Thanks to the Woman of Wonder I read the book Things a Little Bird Told Me by Biz Stone. He’s the co-founder of Twitter which by the way, I had absolutely no interest in… until I read his book. It’s not because he talks up Twitter, its because of who Biz is as a person. This man spoke to my heart and said things I have felt or have said before. He spoke to my values and was someone I would be friends with. I was actually surprised that this was the man behind Twitter. By the time I got to the end of the book I thought to myself, “what the heck, I’m signing up for a Twitter account!”
When I saw the humanity that Biz brought to the digital world I felt inclined to be a part of it because of his values. He sees value in vulnerability, as well as, in making mistakes which he openly admitted to all 200,000 plus users on Twitter, at a time that most of thought there were millions. He spoke about how our failures become our assets and that put a smile on my face, as an overcomer of obstacles, I have faced many tough learning curves throughout my life. That’s made me the feisty, loving and assertive woman I am today who gladly helps others who seek my support because those mistakes, all of my trials, have made me a valuable asset to those who hire me. I can help others to have a smoother transition because through a variety of circumstances because of what I learned along the way.
He also pointed out to “trust your instincts even if you’re smaller and less powerful than the other guy” (p. 133). It’s a funny story he tells about a meeting with Mark Zuckerberg in reference to this point but none the less it’s poignant for all of us. Especially for those of us who had our instincts in reversal in the first half our lives and if something didn’t feel right we moved toward it. Or maybe that was just me. I had strong instincts but was taught not to follow them until I took charge of my own life and figured out who the heck I was. Biz had a good hold of who he was from the time he was young and he set up his life according to his own rules, including convincing his teachers in high school that he had a no homework policy! And no, he didn’t come from a cocky place, he had legitimate reasoning and they bought in.

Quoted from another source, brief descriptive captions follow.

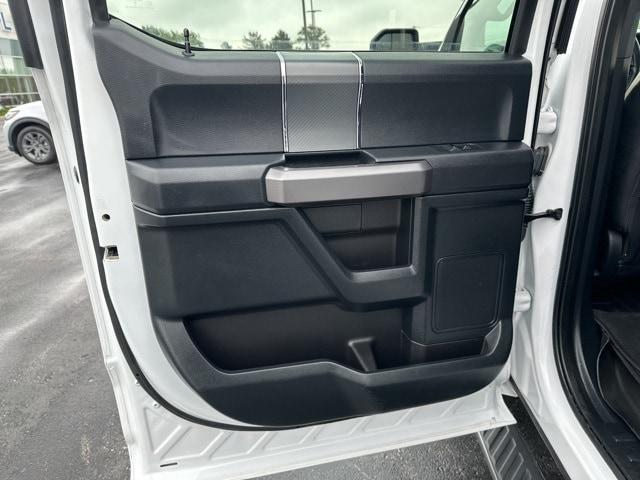 used 2020 Ford F-150 car, priced at $30,660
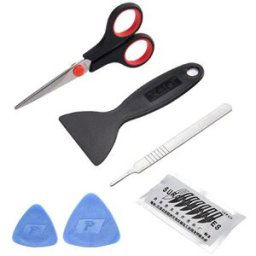 Kaisi 1204 Cellphone Screen Protector Assembling Tools Kit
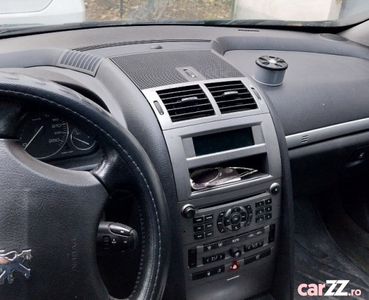 Peugeot 407 2.0 HDI 136cp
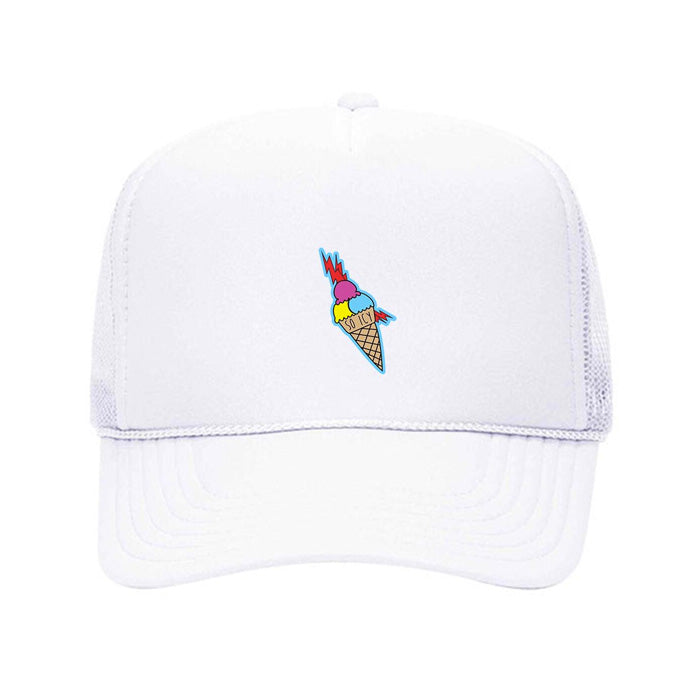 Icy Mesh Back Trucker Hat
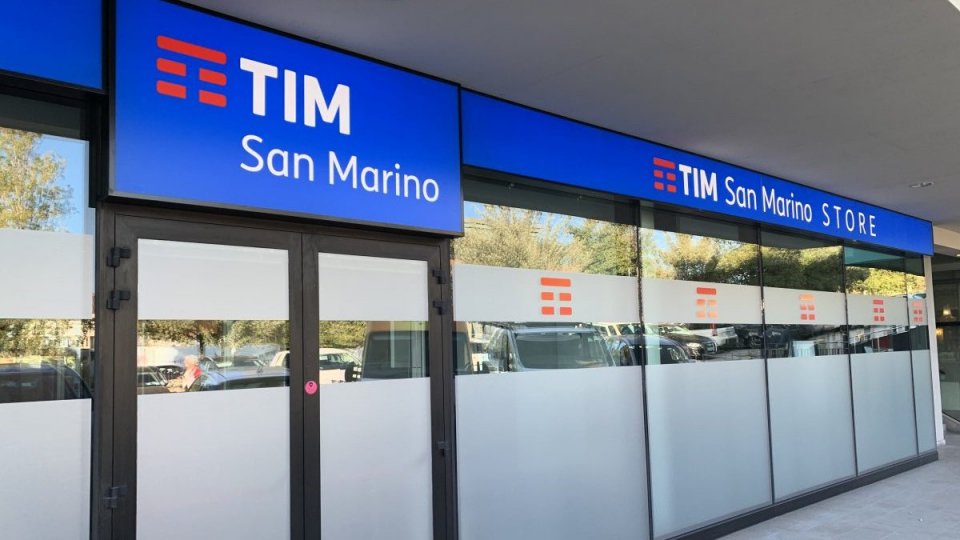 Dal 18 maggio riapre il TIM San Marino Store con un regalo esclusivo!
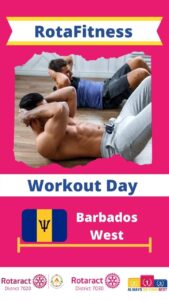 Rota Fitness Workout day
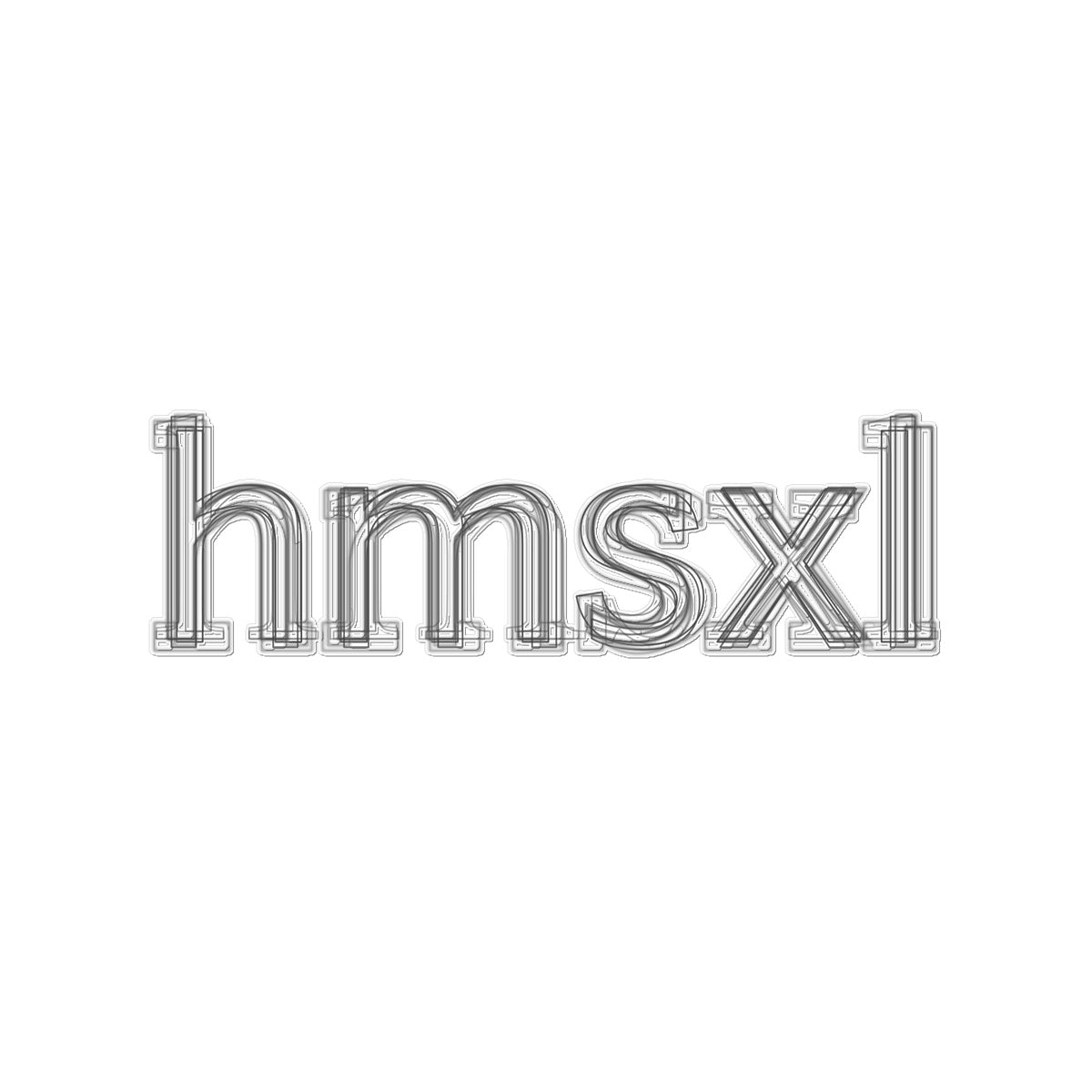 hmsxl Temporary Tattoo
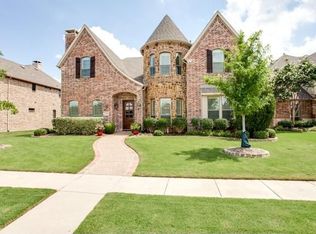 3371 Leatherwood Dr, Frisco, TX 75033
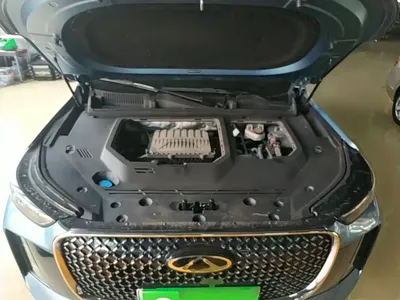 Chery Tiggo 8 PLUS C-DM 2025, 7400 км, за 87800 CNY - фото 20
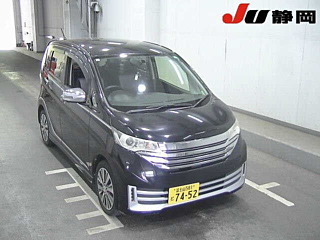 NISSAN DAYZ 2013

That strength of character in him was flexed again in high school where he also learned to trust his own moral code. He and his friend showed up two minutes late for the last high school dance and the vice principal would not let them in the door. He and his friend ended up sneaking in through an open window, only to be caught and later penalized with a full day suspension and required to write an essay about what they did was wrong. He was diplomatic in agreeing that rules are meant to serve a purpose but that sometimes policy is pointless and that was the focus on his essay. He bravely pointed out the abuse of power, in being two minutes late, how was that harming anyone? And he had no regrets about sneaking into the dance because that was not a moment he could replicate every again in his life. He went to that dance with the mindset to make it memorable, to ask the girl he never asked before to dance and to let loose and enjoy being in high school before it was over.
His paper was so convincing that the school counselor, who he was required to spend an hour with as the last leg of his punishment, said, “I completely agree with you Biz.” And with that Mr. Stone walked on in life with the notion that “it’s not about breaking the rules, it’s about creating your own rules.” He went on to drop out of college to follow his own rules which were about following his heart that led him to a start-up company that never made it off the ground. He later decided he wanted to work at Google and reached out to a contact he knew and planted the seed that he was the missing guy on his team. Biz created his own opportunity and managed to get his foot in the door for a position that didn’t even exist and that he ended up creating and designing himself.
Funny thing is, three years later he convinced the same guy to leave Google with him to create a new start-up. That company never took off after two years but because of it’s inability to get off the ground, Twitter was created, born out of its failure…and well the rest is history. And actually worth reading.
I hope to meet, speak to or know Biz Stone some day soon.